À esquerda, o Sumar herdou e deu novo rosto à agenda do UnidasPodemos, que luta agora para não ser definitivamente absorvido pela coligação liderada por Yolanda Díaz, uma das figuras mais populares da política espanhola atual.

A vice-presidente do Governo espanhol conseguiu federar as forças progressistas e manter a mobilização do eleitorado, focando-se no «bem-estar social», mas também no propósito de «não deixar Espanha recuar 50 anos». A campanha foi marcada por promessas como a redução da jornada de trabalho para 32 horas, dois milhões de casas para habitação social, ou uma «herança universal», na forma de um cheque de 20.000 euros para todos os jovens que cumpram 18 anos. E, na reta final, um apelo à esquerda: «Se se mobilizarem, ganhamos as eleições».

Mas nos avanços de Díaz na corrida contra o tempo que começou no dia 29 de maio, também houve recuos. Menos de 24 horas depois de ter divulgado uma versão do programa eleitoral que incluía uma proposta para «sancionar e expulsar da carreira» os jornalistas que «manipulem» informação, a coligação retirou essa versão do programa, afirmando ter-se tratado de um erro.

 

‘Chegou a hora dos patriotas’

À direita, o VOX perde em relação a 2019, quando cresceu alavancado, também, por um PP que acabava de ser derrotado por uma moção de censura e passar por um processo de mudança de liderança divisivo. Ainda assim, o VOX mantem a esperança de ser a chave para o PP formar governo.

Embalado pelo crescimento da direita conservadora europeia, o VOX, sob o slogan «decide lo que importa» aposta em atacar a esquerda, sem deixar de sublinhar o muito que o separa do PP. Se ambos comungam do objetivo de derrotar o sanchismo e convergem em temas importantes como a reforma fiscal, ideologicamente é mais o que os separa do que aquilo que os une.

Nascido de uma questão de fundo, a questão independentista, o VOX distingue-se do PP em matéria de forma, mas também de substância. A estratégia continua a ser de rutura: «que vote em ti Txapote, que vote em ti Mohamed, que votem em ti os burocratas de Bruxelas, porque os Espanhóis já não podem votar em ti», dirigia-se Abascal a Sánchez a partir de um comício em León. Programaticamente, o Partido destaca-se pelo compromisso em derrotar não apenas o sanchismo, mas os seus frutos políticos: a lei «sí es sí», a lei da memória histórica, a lei do bem-estar animal, a reforma laboral, a política migratória, e as políticas de educação e linguística.

E para a direita europeia que cresce o resultado do VOX é importante.
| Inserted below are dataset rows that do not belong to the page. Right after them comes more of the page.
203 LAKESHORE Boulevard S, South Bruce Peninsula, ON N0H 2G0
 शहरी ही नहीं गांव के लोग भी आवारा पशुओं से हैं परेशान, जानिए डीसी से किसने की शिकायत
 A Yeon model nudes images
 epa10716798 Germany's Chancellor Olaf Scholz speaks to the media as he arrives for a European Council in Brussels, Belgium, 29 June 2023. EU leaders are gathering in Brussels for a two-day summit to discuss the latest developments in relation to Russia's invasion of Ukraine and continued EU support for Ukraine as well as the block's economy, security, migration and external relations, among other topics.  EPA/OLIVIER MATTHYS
Giorgia Meloni participou na campanha de Abascal, desejando que no dia 23 de julho se «estabeleça uma alternativa patriótica e conservadora, na qual o VOX seja protagonista e decisivo para a formação do novo governo nacional». Os resultados das eleições espanholas também terão impacto numa Europa onde, segundo Meloni, «chegou a hora dos patriotas».

 

Incógnitas

Algumas questões serão respondidas no domingo, mas é provável que outras só tenham resposta nos dias que se seguirão.

A primeira é se o PP chegará ao resultado confortável de 160 deputados. Caso chegue, não dependerá do apoio do VOX para a investidura, bastando garantir a sua abstenção. Caso não chegue, mesmo sendo vencedor, o PP precisará do apoio do VOX, que estará numa posição de vantagem negocial. Na sua estratégia pós-eleitoral, os populares terão em conta que o próximo ano será difícil, e provavelmente marcado por um aumento da contestação social.

A segunda prende-se com a antecipada derrota do PSOE. Caso seja pesada, irá Pedro Sánchez demitir-se? Como seria o processo de sucessão no PSOE, na ausência de candidato claro e depois de uma liderança de ruturas e personalização do poder? E que consequências teria um PSOE fragilizado na reconfiguração da esquerda espanhola?

Outra questão importante é a disputa pelo terceiro lugar. Confirmando-se a lógica de blocos como alternativa à bipartidária, esta disputa mais ideológica suscitará leituras em Espanha e na Europa.

Finalmente, é preciso considerar a possibilidade de um bloqueio, caso nem Feijóo nem Sánchez consigam garantir uma maioria parlamentar de apoio. O segundo, improvável, mas possível, é o da impugnação, caso haja muitos eleitores impedidos de votar mesmo tendo solicitado o voto por correio.

Por agora a certeza que temos, como diz a sabedoria popular, é que até ao lavar dos cestos é vindima.